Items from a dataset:
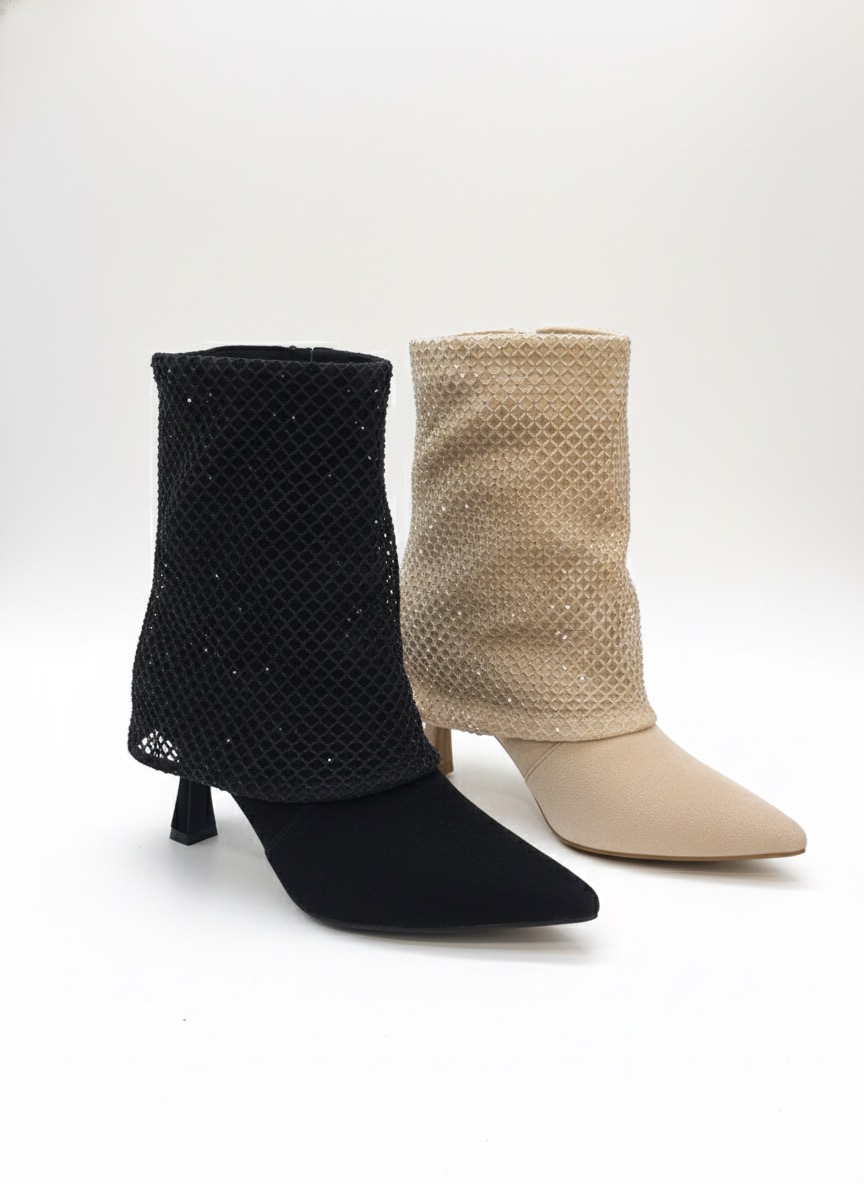 bottes à paillettes bottes à paillettes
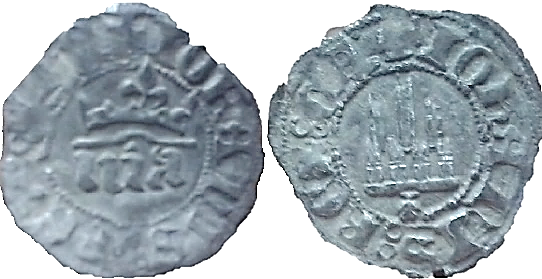 Tipo 3. Sexto de Real de plata con nombre “Iha” coronada - Imagen 23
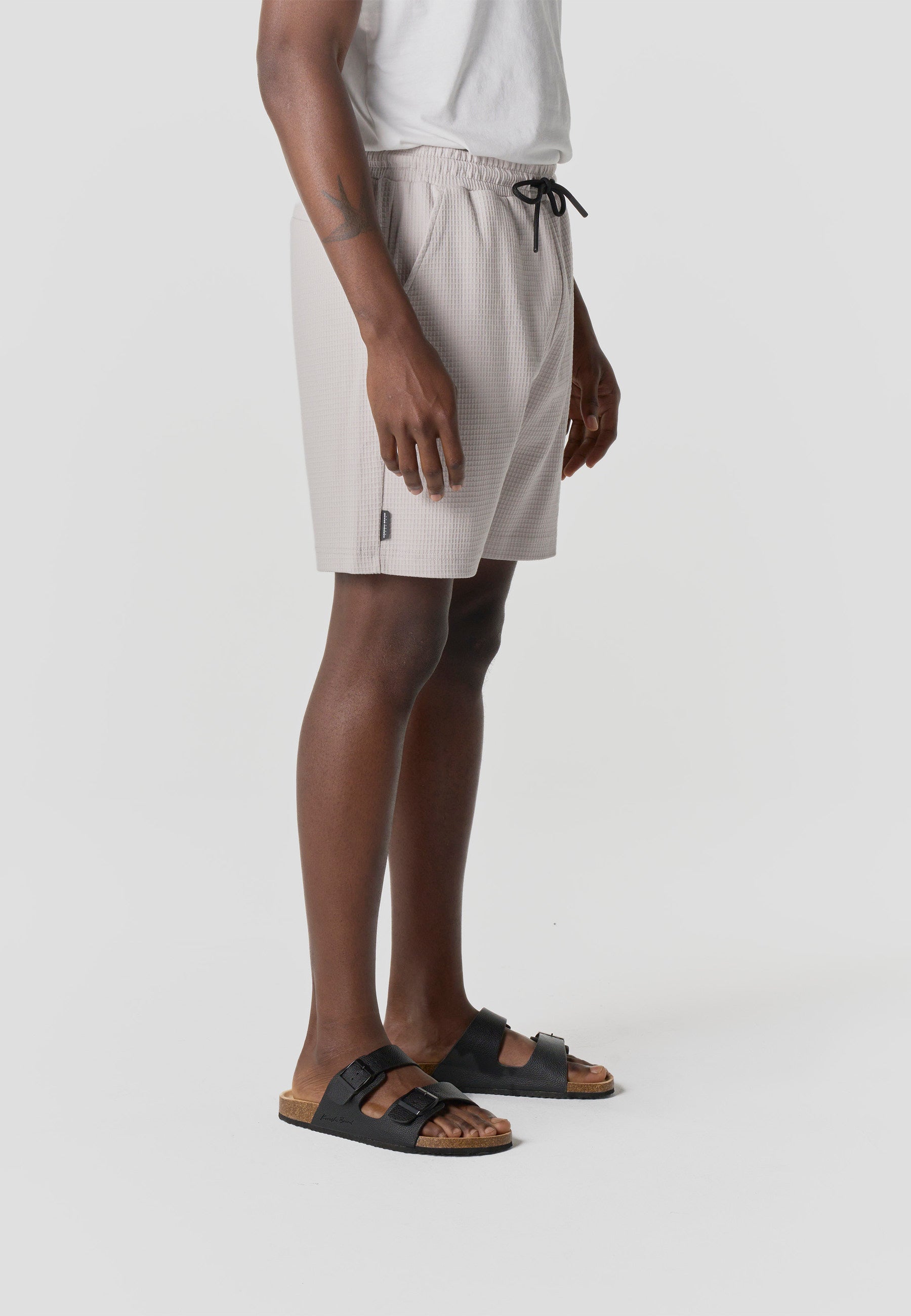 Short Hombre Jogger Técnico Texturizado – Koroshi Piedra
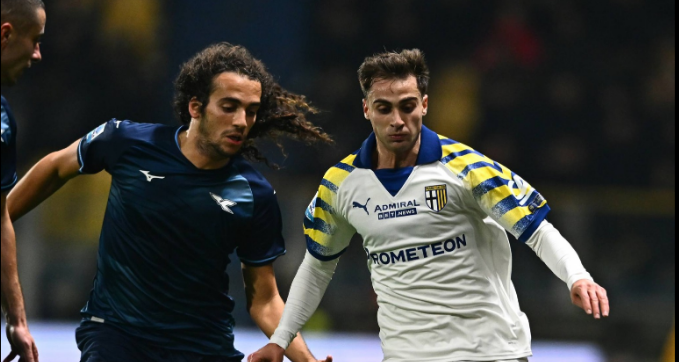 Лудница на “Енио Тардини“: Лацио со двајца играчи помалку даде гол во финишот и славеше кај Парма!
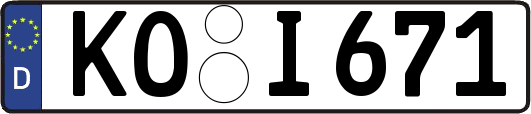 KO-I671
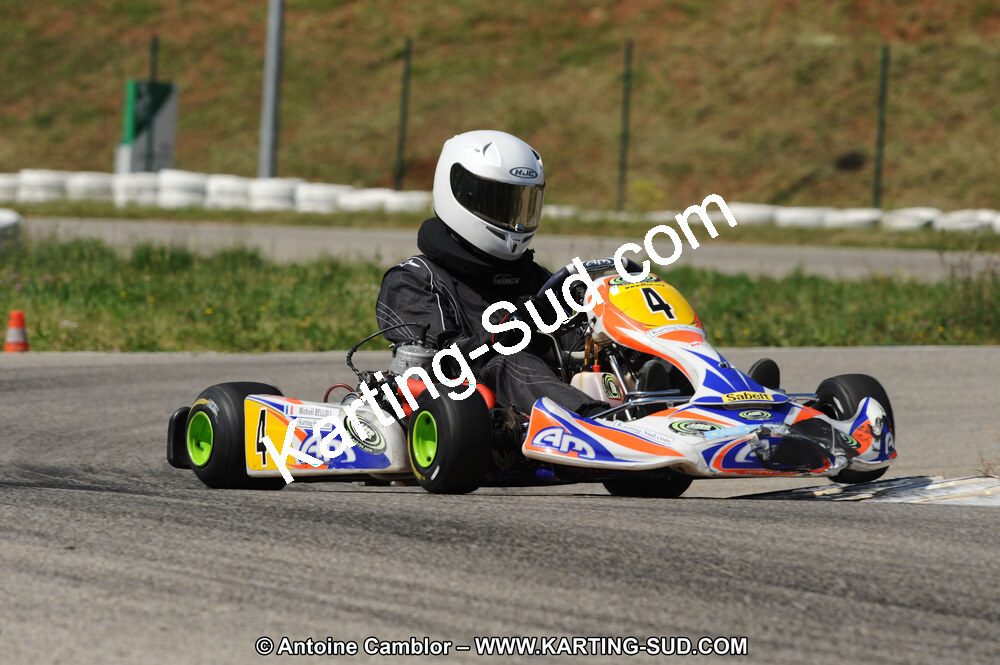 01/05/2011 : 3ème manche du Championnat du Sud à Alès (Photos Antoine Camblor) 2011 — karting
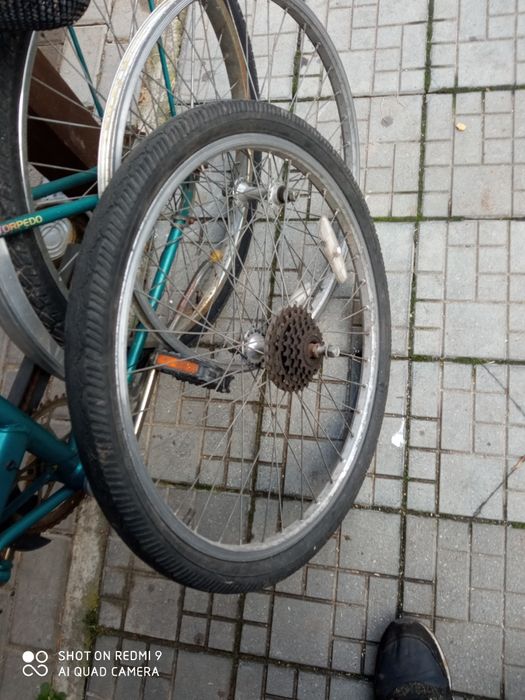 Komplet kół rowerowych rozmiar 24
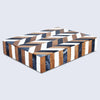 Marquet Cosmo Resin Inlay & Wood Marquetry Decorative Box – 8 Sizes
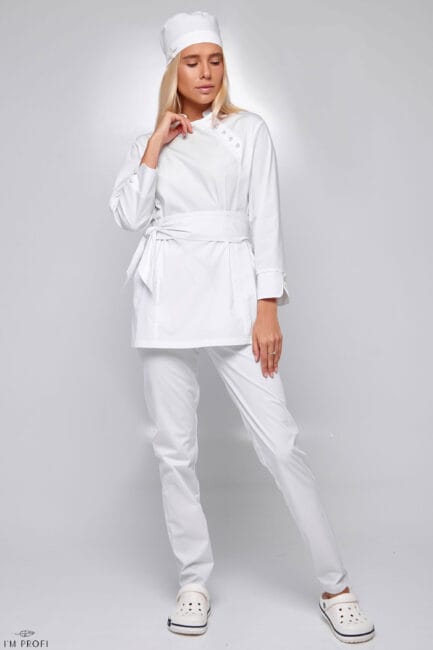 Improfi P99 Scrub Set White 01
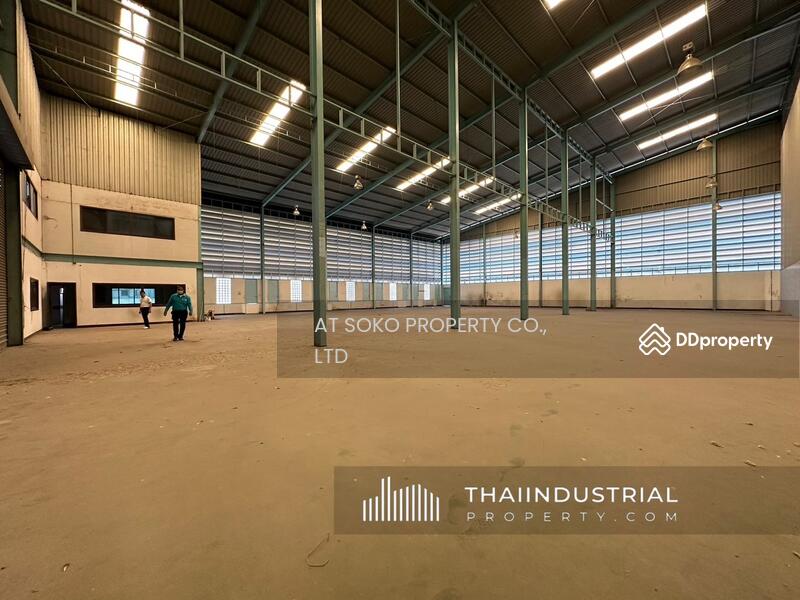 Factory or Warehouse 1710 sqm for RENT at Mueang Samut Prakan, Samut Prakan (Property ID: AT1984R), Samut Prakan, Phreak Sa Mai, Muang Samut Prakarn, Samut Prakan, , 1,710 sqm, Warehouse/Factory For Rent, by AT SOKO PROPERTY CO., LTD, 11376195 - DDproperty.com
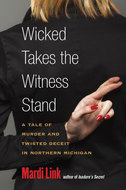Book cover for 'Wicked Takes the Witness Stand'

**WORK REQUEST:** In the answer, the lines from the one containing "01/05/2011 : 3ème" to the end of the records above must be written out exactly, both ends included; the pictures must not appear.

**SOLUTION TO THIS TASK:**
 01/05/2011 : 3ème manche du Championnat du Sud à Alès (Photos Antoine Camblor) 2011 — karting
 Komplet kół rowerowych rozmiar 24
 Marquet Cosmo Resin Inlay & Wood Marquetry Decorative Box – 8 Sizes
 Improfi P99 Scrub Set White 01
 Factory or Warehouse 1710 sqm for RENT at Mueang Samut Prakan, Samut Prakan (Property ID: AT1984R), Samut Prakan, Phreak Sa Mai, Muang Samut Prakarn, Samut Prakan, , 1,710 sqm, Warehouse/Factory For Rent, by AT SOKO PROPERTY CO., LTD, 11376195 - DDproperty.com
Book cover for 'Wicked Takes the Witness Stand'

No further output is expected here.